Comparison of growth kinetics of the recovered viruses was performed in DF-1 cells at an MOI of 0.05. Both viruses exhibited similar growth characteristics. However, rLS1-1eGFP showed significantly lower titers than rLS1 (p < 0.01) at 24 and 36 h.p.i. (Fig. 4b). The highest titers achieved in cell culture for both viruses were approximately 10⁶ PFU/ml (Fig. 4b), whereas the titers in AF collected from SPF embryonated eggs were at least 10⁸ PFU/ml (data not shown).

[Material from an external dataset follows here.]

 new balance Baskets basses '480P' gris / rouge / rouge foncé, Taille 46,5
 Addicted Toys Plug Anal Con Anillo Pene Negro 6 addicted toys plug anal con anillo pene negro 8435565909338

The correlation between eGFP expression level and the efficiency of viral replication was assessed by infecting DF-1 cells at different MOIs with rLS1-eGFP, and recording these cells every 12 h. The intensity and number of cells expressing the eGFP were increasing in a time- and dose-dependent manner (Fig. 4c). The eGFP expression can be clearly visualized as early as 24 h.p.i., although it can be detected with low expression at 12 h.p.i. These results indicates that eGFP expression can be used to monitor viral replication.

Conventional- and eGFP-NT were first evaluated by using diluted reference chicken serum samples. Reference serum samples, positive to other pathogens (IBV, MDV, Avian adenovirus type 1 and ILTV) and from a SPF chicken, were used to evaluate non-specific neutralization. These sera tested negative, as expected, for both neutralization methods (See Additional file 1: Table S1). Fluorescence in the eGFP-NT was visible as early as 18 h of incubation, and it was clearly visible at 24 h.

To assess the efficacy of rLS1-1eGFP virus to measure nAb titers, the conventional- and eGFP-NT were performed using a total of 57 serum samples. Most of the samples presented the same neutralization titer when measured with both techniques. Moreover, the correlation between the conventional NT and eGFP-NT was very high (R ² = 0.994), as shown in Fig. 5a. Thus, we conclude that rLS1-1eGFP can be used as a reporter virus to determine nAbs titers with great reliability.

Correlations between nAbs titers and the antibody titers measured by HI and ELISA were evaluated. In Fig. 5b, the relation between log2 HI and log2 NT is shown. A strong correlation (R ² = 0.816) was observed between NT and HI titers. In addition, several samples that tested positive to the HI assay, with titers corresponding to dilutions of up to 1:8, were negative for neutralization. These results are consistent with the fact that the equation of the line (Y = 0.816X + 1.238) shows that when NT is 0, in average, HI titers would be positive and greater than a titer corresponding to a dilution of 1:2. It is worth mentioning that serum samples positive to HI and negative to the NT assay came from vaccinated chickens (see Additional file 1: Table S1), suggesting that either nAbs are not circulating at that time because plasma cells become memory B cells or specific antibodies against NDV exist, but these are not nAbs.

Antibody titers measured by ELISA (S/P) also have a strong correlation (R ² = 0.791) with the log₂ NT titers (Fig. 5c). Both HI and ELISA showed greater dispersion to the conventional NT than the eGFP-NT. These results indicate that HI and ELISA are not as reliable as eGFP-NT, showing that this method can close the gap between a rapid and accurate measurement of nAbs against NDV.